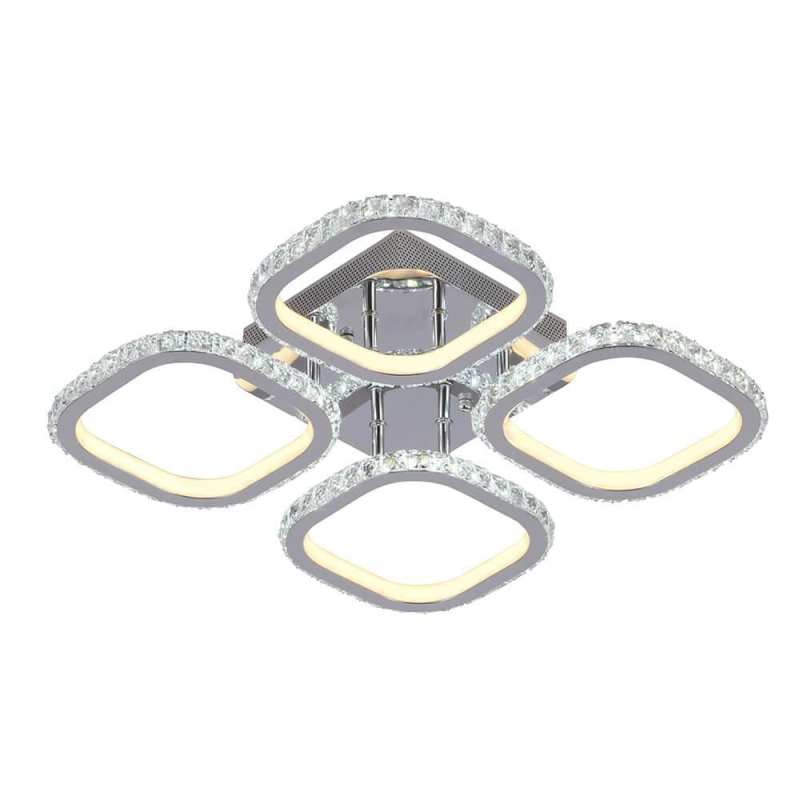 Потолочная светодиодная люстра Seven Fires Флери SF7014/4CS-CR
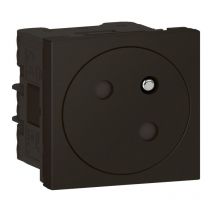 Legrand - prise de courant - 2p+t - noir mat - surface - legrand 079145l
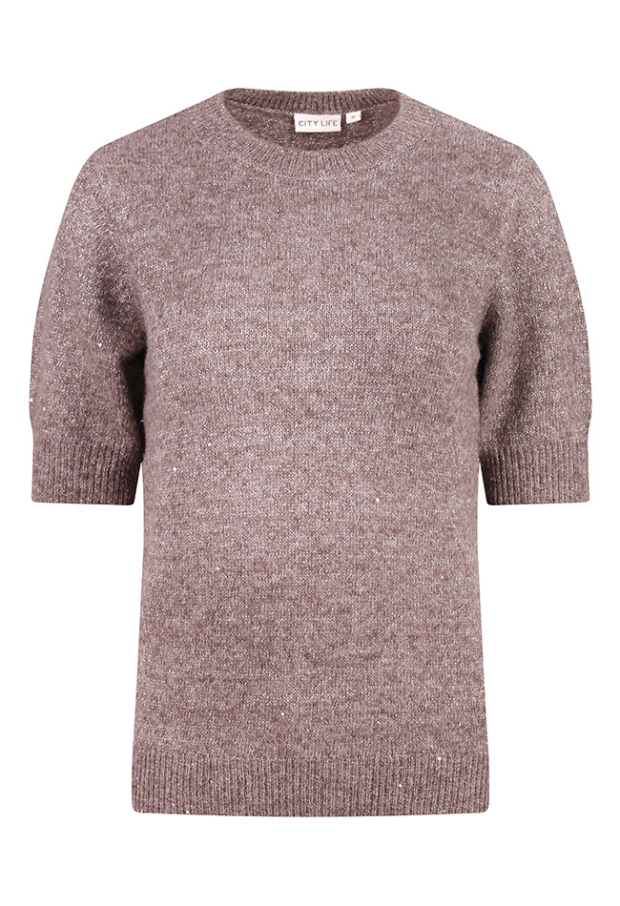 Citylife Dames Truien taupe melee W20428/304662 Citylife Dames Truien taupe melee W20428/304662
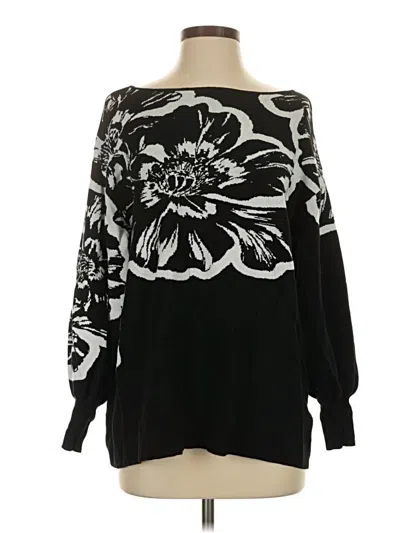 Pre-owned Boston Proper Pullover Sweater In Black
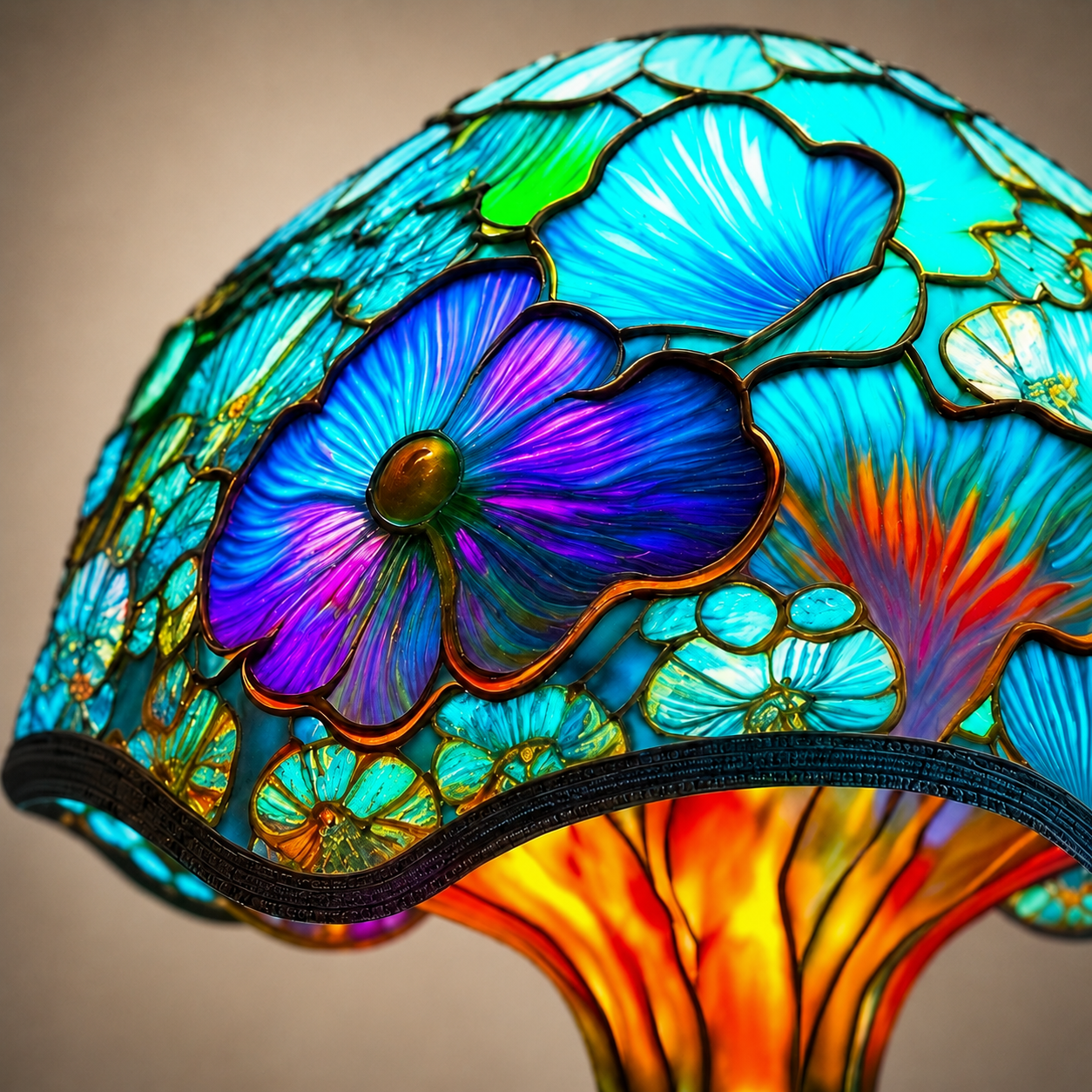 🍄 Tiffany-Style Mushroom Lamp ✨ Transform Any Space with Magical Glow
---
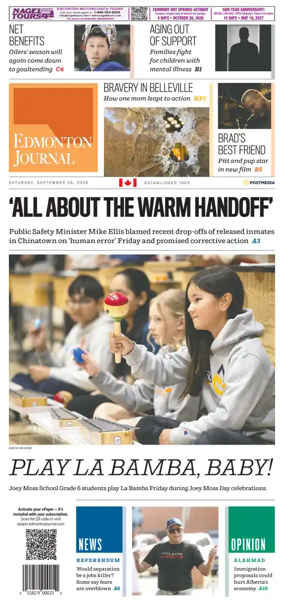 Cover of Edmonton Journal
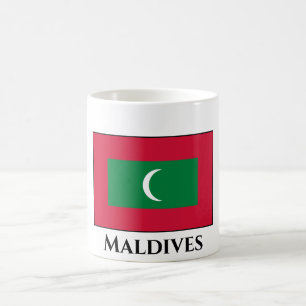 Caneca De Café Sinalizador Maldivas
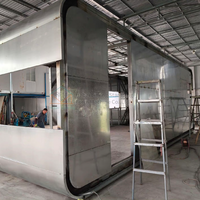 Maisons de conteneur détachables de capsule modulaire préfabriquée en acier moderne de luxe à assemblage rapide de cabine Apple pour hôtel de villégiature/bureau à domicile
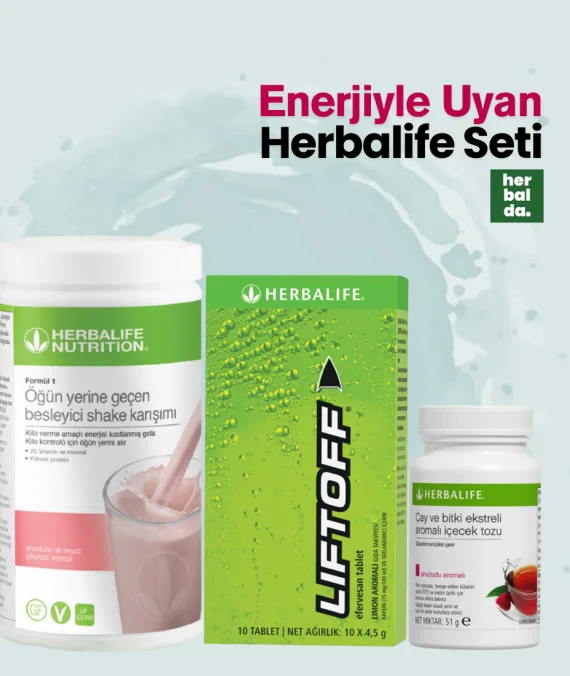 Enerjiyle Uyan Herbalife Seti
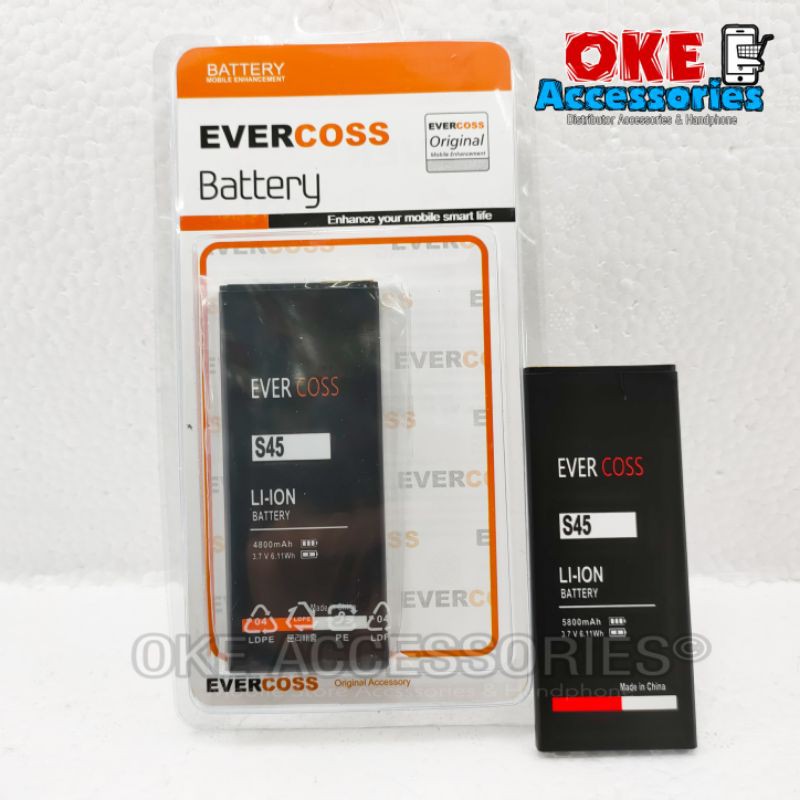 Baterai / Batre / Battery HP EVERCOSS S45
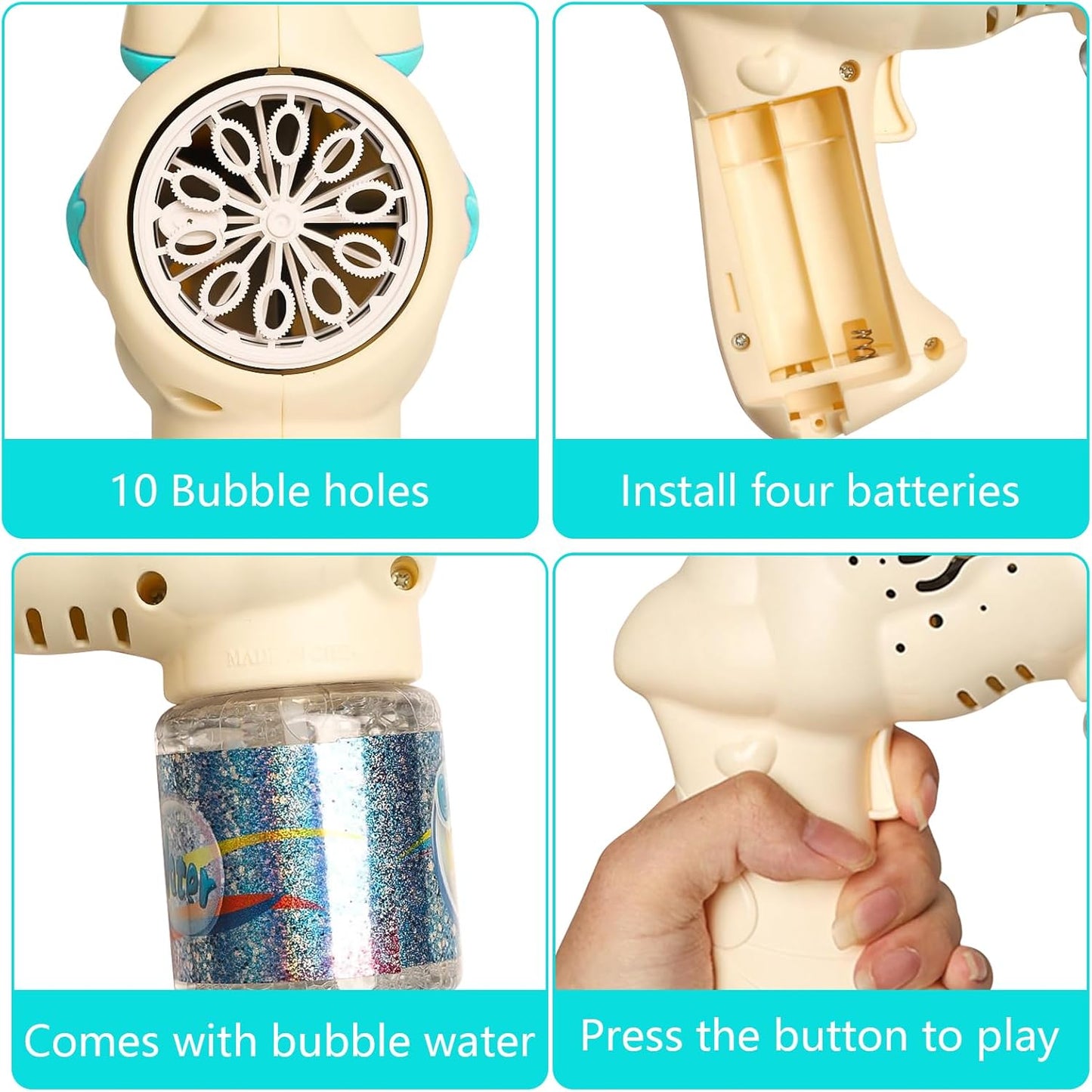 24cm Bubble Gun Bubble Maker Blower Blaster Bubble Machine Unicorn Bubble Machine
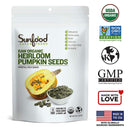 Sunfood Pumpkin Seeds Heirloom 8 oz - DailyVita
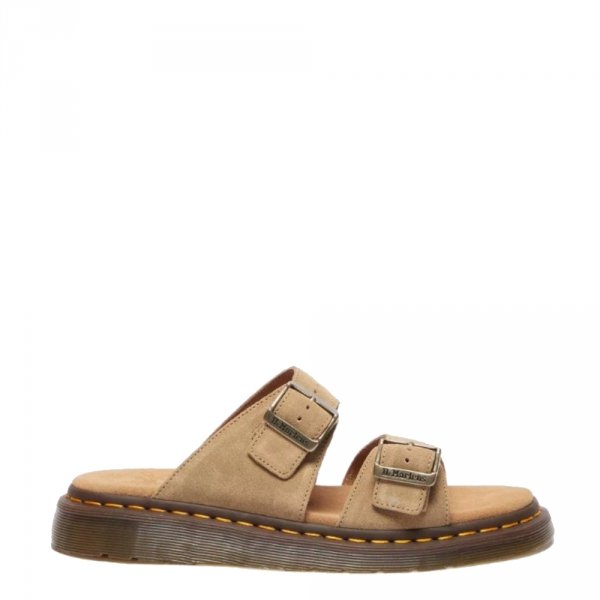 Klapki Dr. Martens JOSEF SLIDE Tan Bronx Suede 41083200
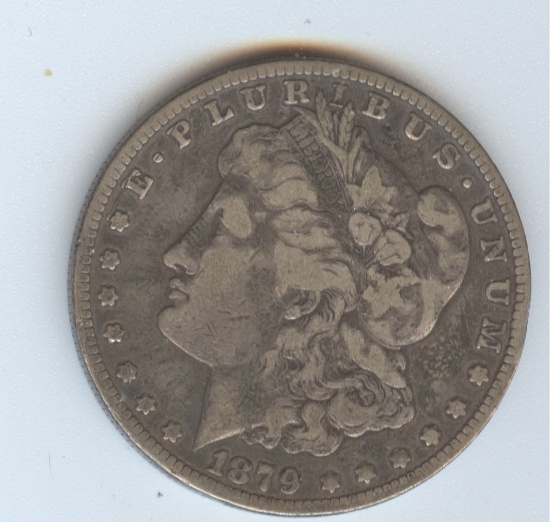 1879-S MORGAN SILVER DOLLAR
--
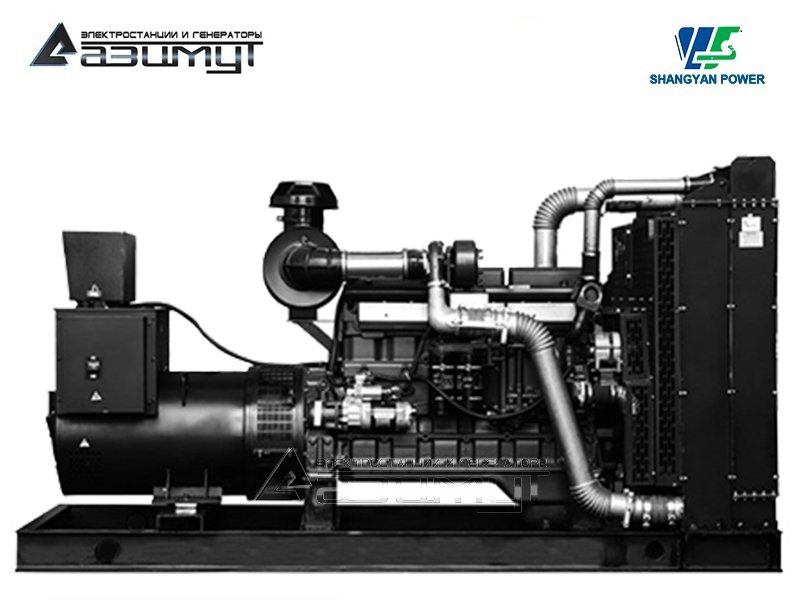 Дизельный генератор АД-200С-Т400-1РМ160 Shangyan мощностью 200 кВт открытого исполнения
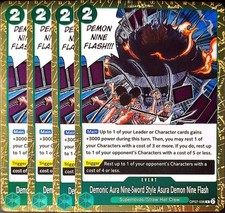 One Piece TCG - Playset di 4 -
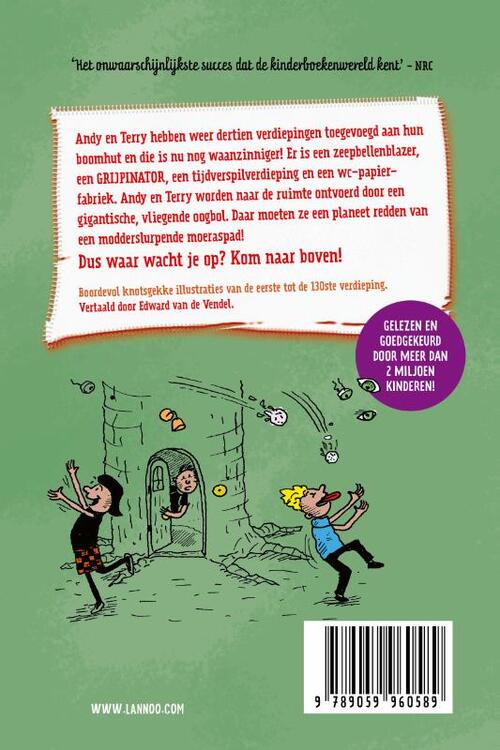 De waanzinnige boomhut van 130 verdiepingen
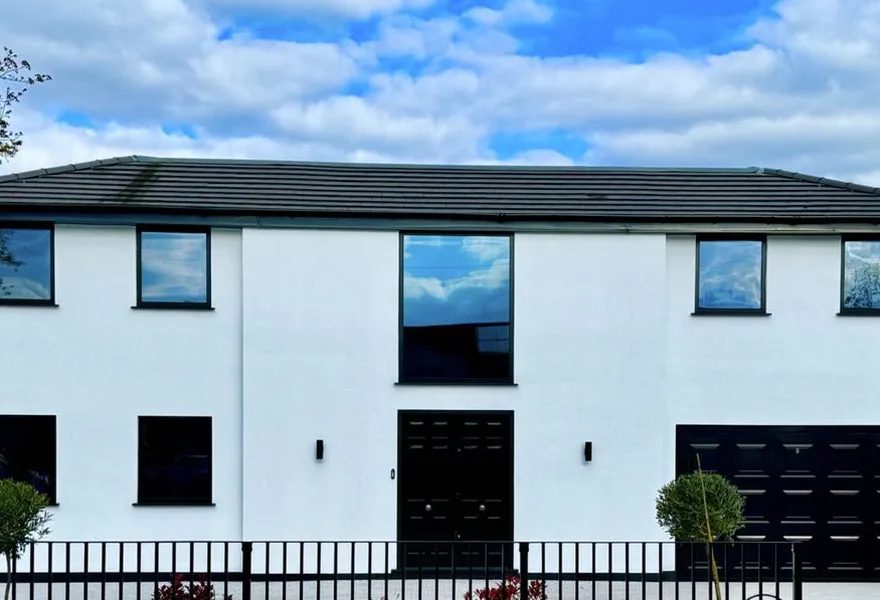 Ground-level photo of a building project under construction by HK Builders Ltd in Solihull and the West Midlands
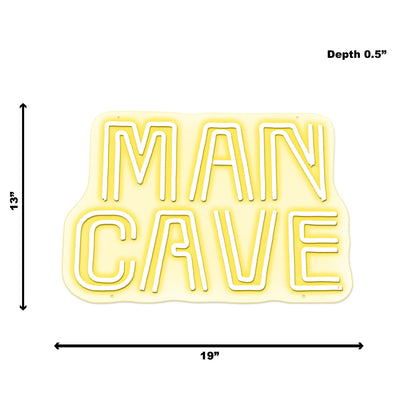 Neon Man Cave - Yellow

(TASK TO COMPLETE)
Although pictures appear among the records above, write out exactly only the lines from the one that has "De waanzinnige boomhut van 130 verdiepingen" through the one that has "Neon Man Cave - Yellow", and leave the pictures out.

(YOUR SOLUTION)
 De waanzinnige boomhut van 130 verdiepingen
 Ground-level photo of a building project under construction by HK Builders Ltd in Solihull and the West Midlands
 Neon Man Cave - Yellow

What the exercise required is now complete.